The installation takes the shape of a photo studio, and the illuminated illustration is inspired by an archive image of some backstages. The artist invites us behind the scene, a place supposed to remain in the shadows. Only a dreamer would find a reason to wander there, and find interest in whatever precedes the actual show, in such a rundown building. “They find a place to dwell in this world of cracked ceilings” (1). There isn’t any ghostly presence, the scene isn’t haunted: we are in an inbetween stage, where imagination flourishes during moments of daydreaming.

Thanks to the lighting, the outline of the life-size drawing is clear even when it
shows us its back. Without dazzling us, the light guides us to unravel the mystery, but does not spoil the pleasure of the quest. The few post-its on the wall are illegible, forcing us to give in and enjoy the touches of yellow they add to the predominantly grey image. What used to be a floral pattern on the original photograph now stains the wall. All that remains is the shadow of a foot and a pair of glasses. The objects blend themselves into a room emptied of its subjects and context.

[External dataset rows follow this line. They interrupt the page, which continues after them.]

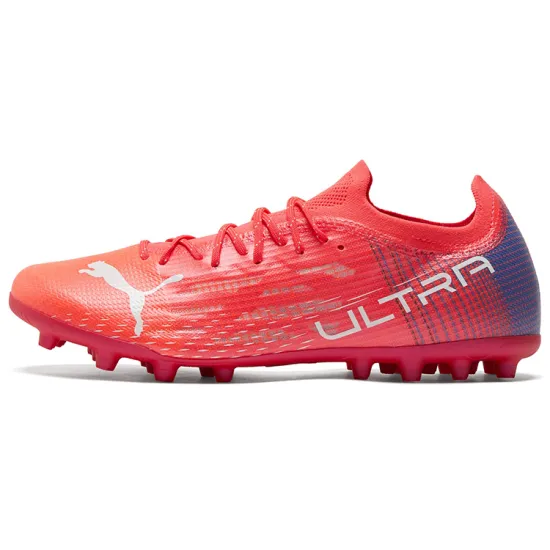 Puma Ultra 1.3 Football Shoes Men Low-top Red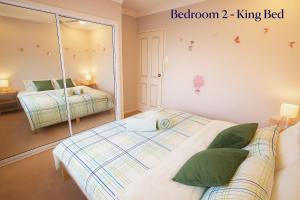 Canal View Holiday-2 Rooms-max 6-120m2 living-Townhouse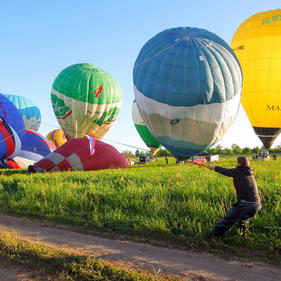 Стать частью Aerostat.club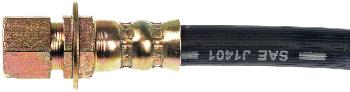 2009 Chrysler Aspen Brake Hydraulic Hose Rear Left Dorman H620591 image 2 of 3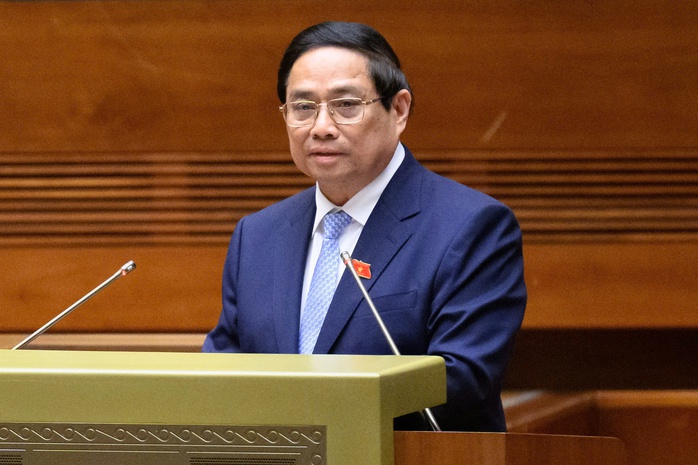 Thủ tướng - Ảnh 1.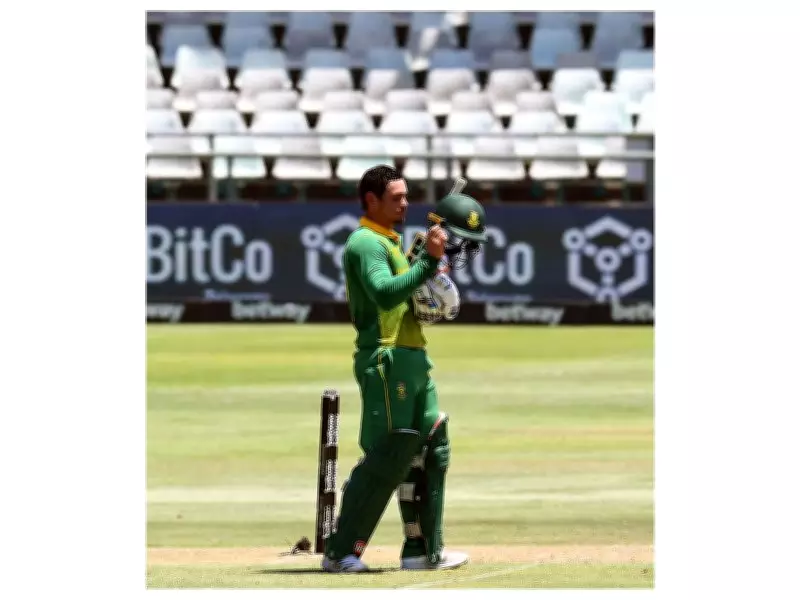 De Kock's Century & Rickelton's Fifty Propel South Africa to 7-Wicket Victory Over West Indies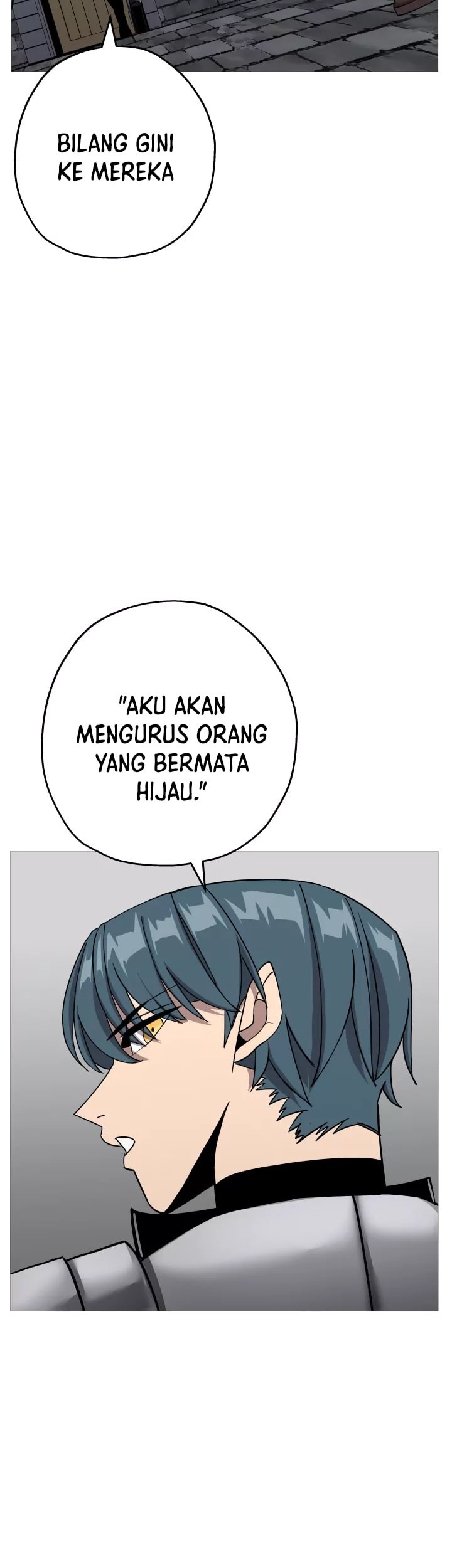 The Story of a Low-Rank Soldier Becoming a Monarch Chapter 83 Gambar 24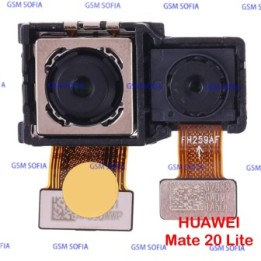 Camara Trasera Para HUAWEI MATE 20 Lite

The backstages seem deserted, yet the presence of the individuals who inhabited it is almost palpable. We can notice the traces of this passage on the ground, a few stains, a crumpled piece of paper or even a single shoe. Left as is, perhaps forgotten, these objects regain their autonomy. Now devoid of any background story or utility, they are reduced to their materiality, allowing their aesthetic and poetic potential to emerge.

Each glance leaves a different impression, and the longer we stare at these objects, the more our vision plays tricks on us, or rather, the more we can savour the interplay of colours and textures before us. One might imagine that the composition is the result of chance, a small miracle following a gust of wind or the passage of time. A mere object turns into a sculpture, which turns into a still life, which turns into an assemblage of abstract forms, which turns into a colourful blur, and so on and so forth. Stripped of any narrative or function, these objects reawaken the simple pleasure of viewing as a sensory experience, satisfying the eye’s appetite.

The backstage area is seen as a transient place, “a highly malleable environment ” (2), which gives this installation a poetic rather than nostalgic feel. An imaginary yet tangible place, a sort of afterimage of the impression the artist had, when the space appeared to her as a material to be moulded rather than a stage on which a story is played out; We are behind the scenes, after all, so let us enjoy the backstage atmosphere without expecting a show at all costs. The backstages function as “an intermediate world where daydreams and reality intertwine” (3). Here, we savour the pleasure of the most trivial details, from the mark on the cracked wall to the crumpled piece of paper.

Flavia Vuagniaux
(Translated from French)
———

  1. Gaston Bachelard, Poétique de l’espace, 1957, p.171.
  2. Ibid., p.184.
  3. Gaston Bachelard, La poétique de la rêverie, 1960, p.175.